The Article 29 Working Party has updated its guidance on processor Binding Corporate Rules (“BCRs”). In response to increasing concerns that personal data transferred to third countries under processor BCRs may be subject to legally binding requests for disclosure under circumstances that do not meet the rigorous requirements applicable in the EU, the Working Party has suggested that such access requests must be assessed on a case by case basis. Prior notification must also be made to the relevant EU data protection authority competent for the data controller who may veto the request unless prohibited under criminal law.
BCRs are legally binding sets of standard contractual clauses approved by national data protection authorities which aim to ensure that rigorous data protection principles are applied when personal data is transferred between members of a corporate group.
In June 2012, the Article 29 Working Party issued a document and accompanying application form that provides a basis for data processors to transfer personal data processed on behalf of customers to other members of their corporate group whilst ensuring compliance with Article 25(1) of the Data Protection Directive and corresponding national legislation, extending the scope of BCRs which were previously only applicable to data transfers between data controllers. The accompanying explanatory document, issued in April 2013, set out guidance for organisations on how to use the processor BCRs for applicable data transfers.
The latest guidance is identical to that issued in April 2013 except in relation to the procedure that must be adopted in the event of any legally binding request for disclosure of pertinent data by a law enforcement authority. Due to concerns that certain requests made by foreign law enforcement agencies may not meet the rigorous requirements applicable in the EU under Article 25(1) of the Data Protection Directive, the Working Party has sought to clarify the procedure that must be followed by an organisation that has transferred data to a third (non-EU) country under processor BCRs if they receive a request for disclosure from a non-EU government or law enforcement agency.

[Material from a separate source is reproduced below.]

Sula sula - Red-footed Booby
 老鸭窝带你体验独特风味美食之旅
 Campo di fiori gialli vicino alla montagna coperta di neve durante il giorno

If a processor receives a legally binding request from a non-EU country government or law enforcement agency, the following procedures apply:
- The processor must commit in the BCR to assess each request by a requesting body on a case-by-case basis and must put the request on hold for a reasonable delay in order to notify the competent data protection agency for the data controller and the lead data protection agency for the processor BCR prior to the disclosure to the requesting body. In the notifications, the processor must clearly explain what data has been requested, who the requesting body is and the legal basis for the disclosure.
- The competent data protection agencies must endeavour to reply within a reasonable timeframe and may decide, on the basis of concrete circumstances, to order a suspension of, or a ban on, the data transfer, or authorise the transfer in accordance with national laws. Processors must ensure that transfers of personal data to requesting bodies have a legal basis since the requirements for BCRs for processors are only procedural and do not in themselves legitimise international data transfers.
- If the processor is prohibited from notifying the data controller and relevant data protection agencies, for example due to restrictions under the criminal law to preserve the confidentiality of an investigation, the BCR must state that the processor will use its best efforts to obtain the right to waive this prohibition in order to communicate as much information as it can, and as soon as possible, and the processor must be able to produce evidence that it has done so.
- As a last resort, if despite its best efforts, a processor still cannot notify the competent data protection agencies, it must commit to provide general information on the access requests it has received to the competent data protection agencies on an annual basis. Such information may include, for example, the number of applications it has received for disclosure, the type of data requested in each case and, if possible, the identity of the requester.
The Working Party also suggests that international or intergovernmental agreements should be put in place to provide adequate data protection guarantees for EU data and to data subjects in these circumstances.
The latest guidance has most likely been issued in response to European concerns regarding the broad scope of U.S. and other government’s surveillance programs. The Working Party has clearly acknowledged the risk that foreign law enforcement agencies may compel the disclosure of personal data by group companies established outside the EU and appears to appreciate the difficult situation processors can face when asked to produce such information to law enforcement agencies which may be in conflict with the requirements of EU or national data protection legislation. The measures suggested should provide some clarity to organisations when faced with such third party requests.